#### [Task objective]
Print each line below verbatim, skipping every picture.

━━ Listed entries ━━

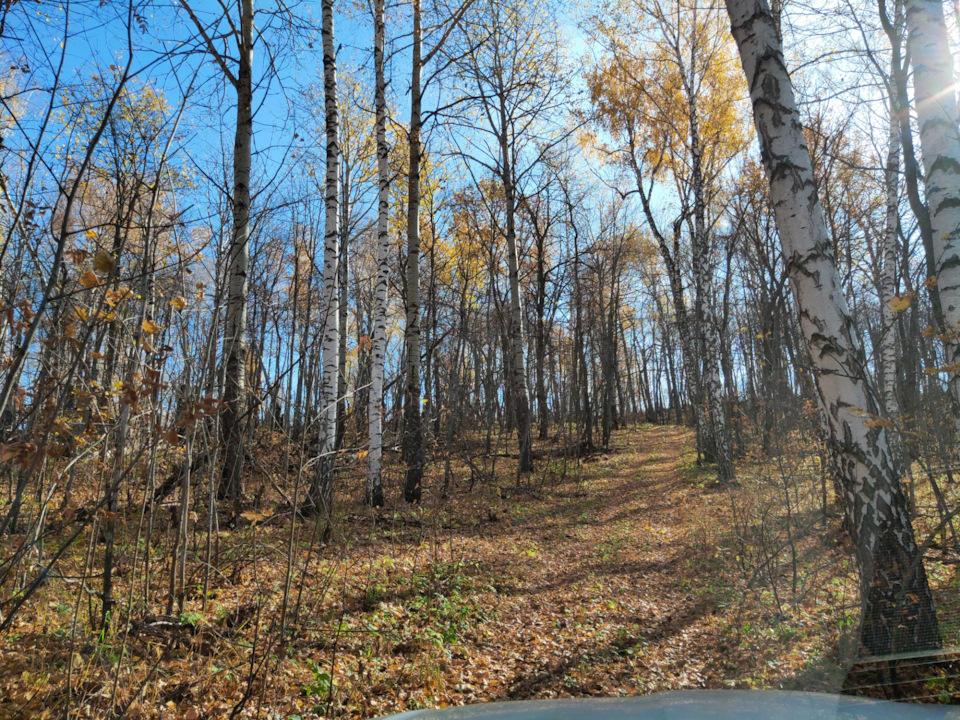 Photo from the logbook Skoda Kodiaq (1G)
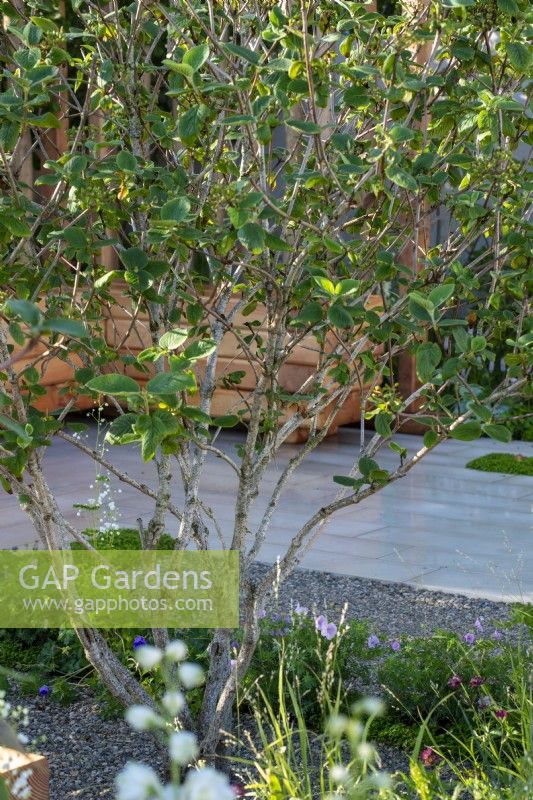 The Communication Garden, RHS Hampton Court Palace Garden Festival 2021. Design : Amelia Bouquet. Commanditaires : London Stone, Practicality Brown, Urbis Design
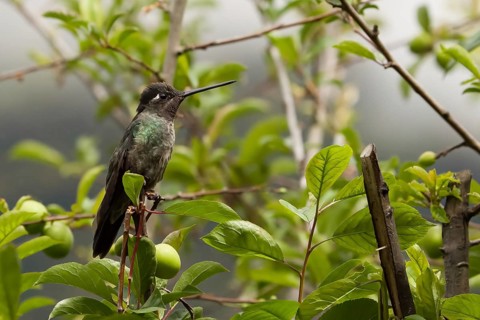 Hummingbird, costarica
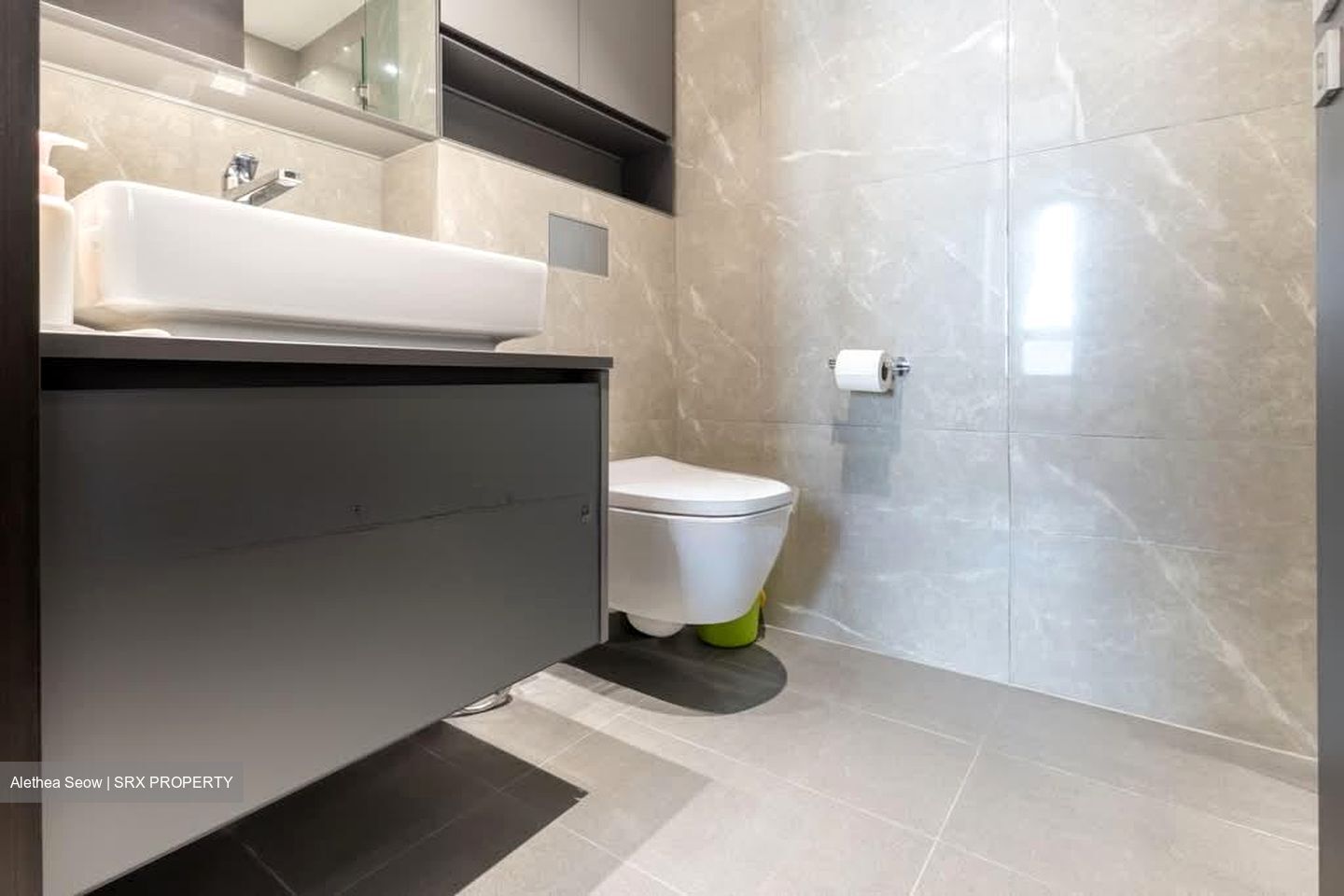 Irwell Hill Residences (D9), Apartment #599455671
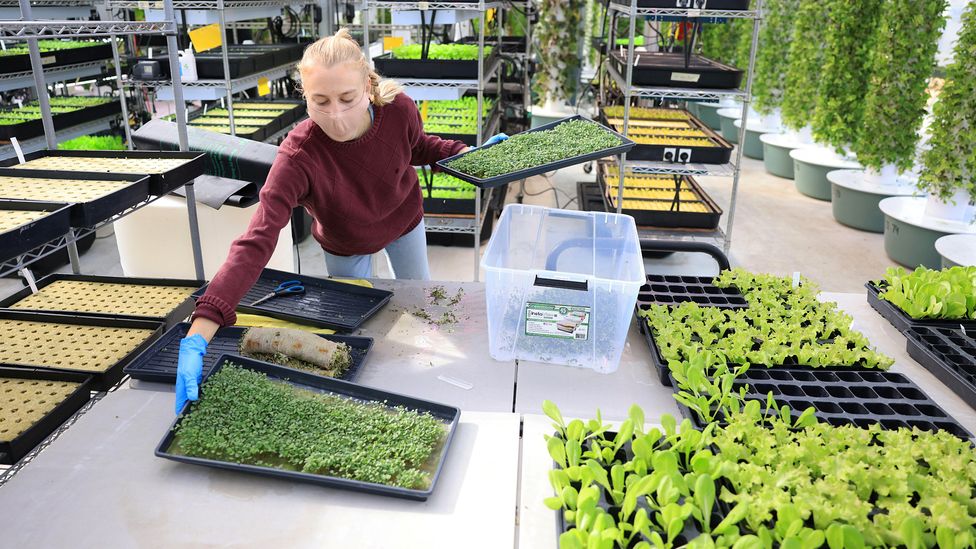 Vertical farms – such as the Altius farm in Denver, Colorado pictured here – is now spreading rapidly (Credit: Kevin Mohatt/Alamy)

━━━

#### [Exercise answer]
 Photo from the logbook Skoda Kodiaq (1G)
 The Communication Garden, RHS Hampton Court Palace Garden Festival 2021. Design : Amelia Bouquet. Commanditaires : London Stone, Practicality Brown, Urbis Design
 Hummingbird, costarica
 Irwell Hill Residences (D9), Apartment #599455671
 Vertical farms – such as the Altius farm in Denver, Colorado pictured here – is now spreading rapidly (Credit: Kevin Mohatt/Alamy)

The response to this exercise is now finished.